Audio-visual localization with hierarchical topographic maps: Modeling the superior colliculus

  • Authors:
  • M. C. Casey;A. Pavlou;A. Timotheou

  • Affiliations:
  • Department of Computing, University of Surrey, Guildford, Surrey GU2 7XH, UK;Department of Computing, University of Surrey, Guildford, Surrey GU2 7XH, UK;Department of Computing, University of Surrey, Guildford, Surrey GU2 7XH, UK

  • Venue:
  • Neurocomputing
  • Year:
  • 2012

Quantified Score

Hi-index 0.01

Visualization

Abstract

A key attribute of the brain is its ability to seamlessly integrate sensory information to form a multisensory representation of the world. In early perceptual processing, the superior colliculus (SC) takes a leading role in integrating visual, auditory and somatosensory stimuli in order to direct eye movements. The SC forms a representation of multisensory space through a layering of retinotopic maps which are sensitive to different types of stimuli.
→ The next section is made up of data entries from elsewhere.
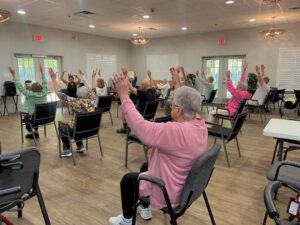 Senior adults in an assisted living community in the Northshore performing chair exercises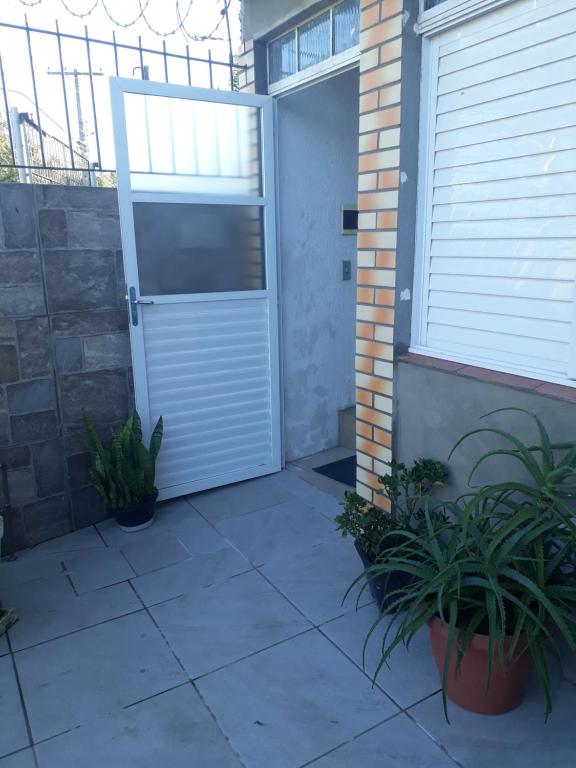 une porte de garage avec des plantes devant un bâtiment dans l'établissement APARTAMENTOS POR DIÁRIA Av DOMINGOS DE ALMEIDA, à Pelotas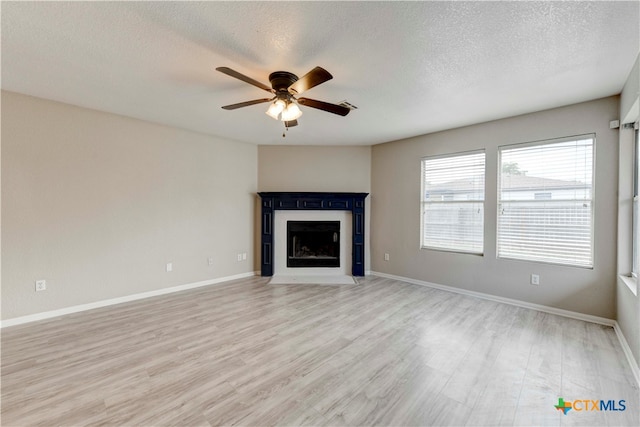 unfurnished living room featuring hardwood / wood-style floors, ceiling fan, and a textured ceiling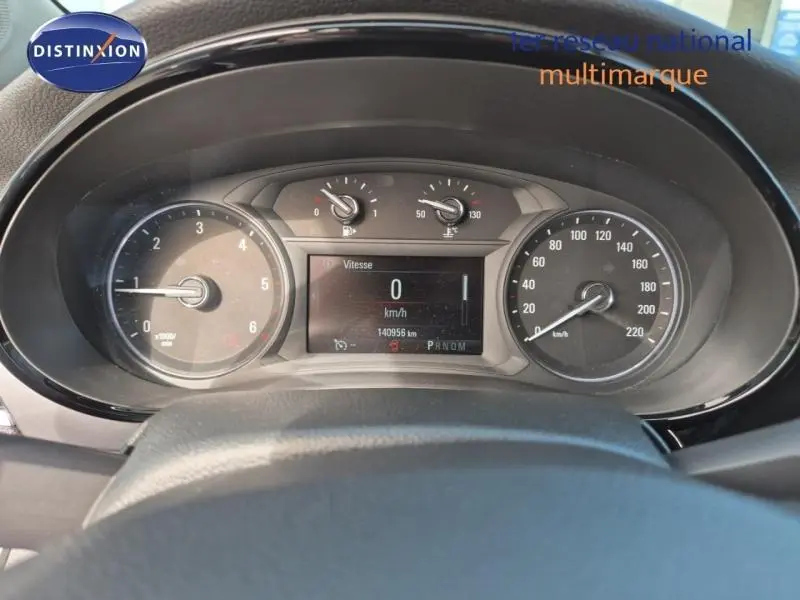 Vue rapprochée du tableau de bord et compteur digital de l'Opel Mokka X gris, affichant 140956 km.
These eye-centered topographic maps can adapt to crossmodal stimuli so that the SC can automatically shift our gaze, moderated by cortical feedback. In this paper we describe a neural network model of the SC consisting of a hierarchy of nine topographic maps that combine to form a multisensory retinotopic representation of audio-visual space. Our motivation is to evaluate whether a biologically plausible model of the SC can localize audio-visual inputs live from a camera and two microphones. We use spatial contrast and a novel form of temporal contrast for visual sensitivity, and interaural level difference for auditory sensitivity. Results are comparable with the performance observed in cats where coincident stimuli are accurately localized, while presentation of disparate stimuli causes a significant drop in performance. The benefit of crossmodal localization is shown by adding increasing amounts of noise to the visual stimuli to the point where audio-visual localization significantly out performs visual-only localization. This work demonstrates how a novel, biologically motivated model of low level multisensory processing can be applied to practical, real-world input in real-time, while maintaining its comparability with biology.